> _DATASET RECORDS_:

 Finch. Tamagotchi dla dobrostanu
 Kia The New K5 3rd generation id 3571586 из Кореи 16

--

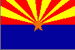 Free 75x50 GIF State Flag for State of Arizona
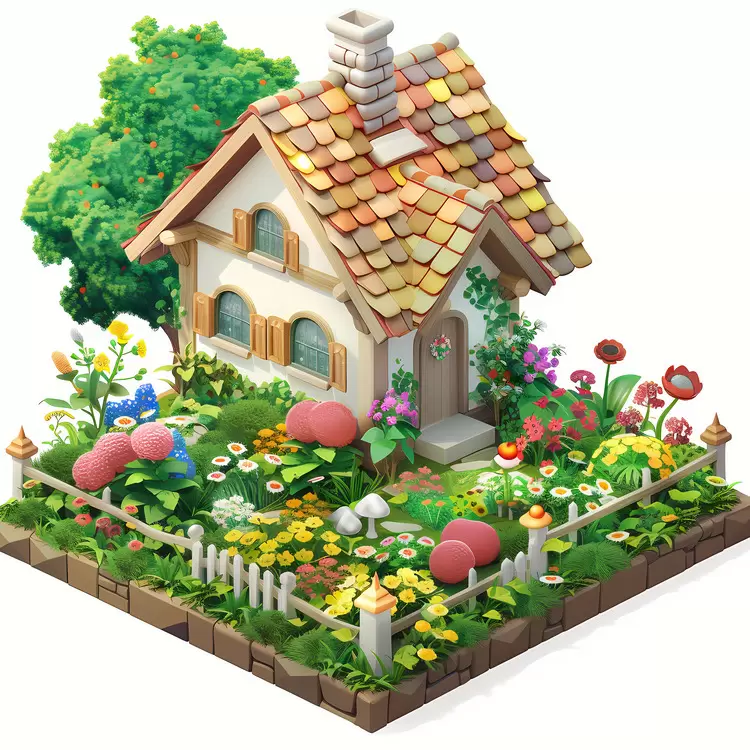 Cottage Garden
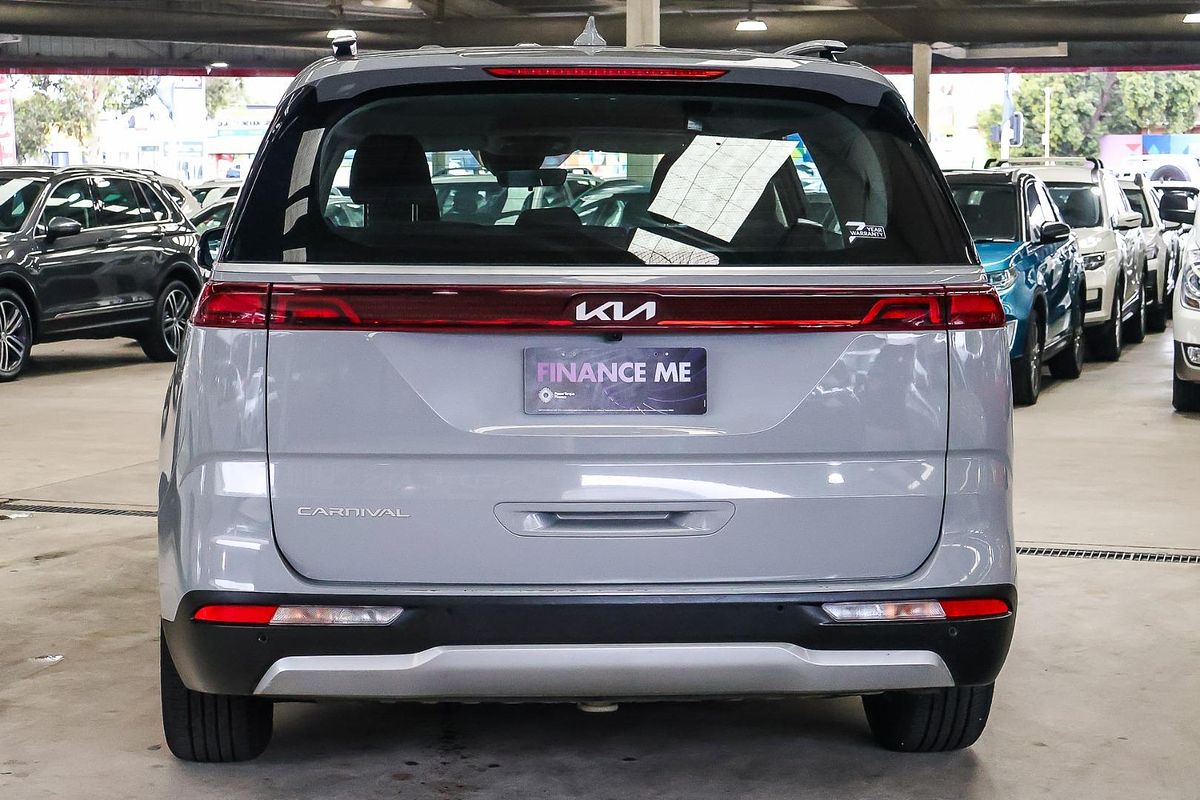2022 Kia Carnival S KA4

> _WHAT NEEDS TO BE DONE_:
From the records above, repeat exactly the lines from the one with "Finch. Tamagotchi dla dobrostanu" through the one with "Kia The New", both included.

> _RESULT OF THE EXERCISE_:
 Finch. Tamagotchi dla dobrostanu
 Kia The New K5 3rd generation id 3571586 из Кореи 16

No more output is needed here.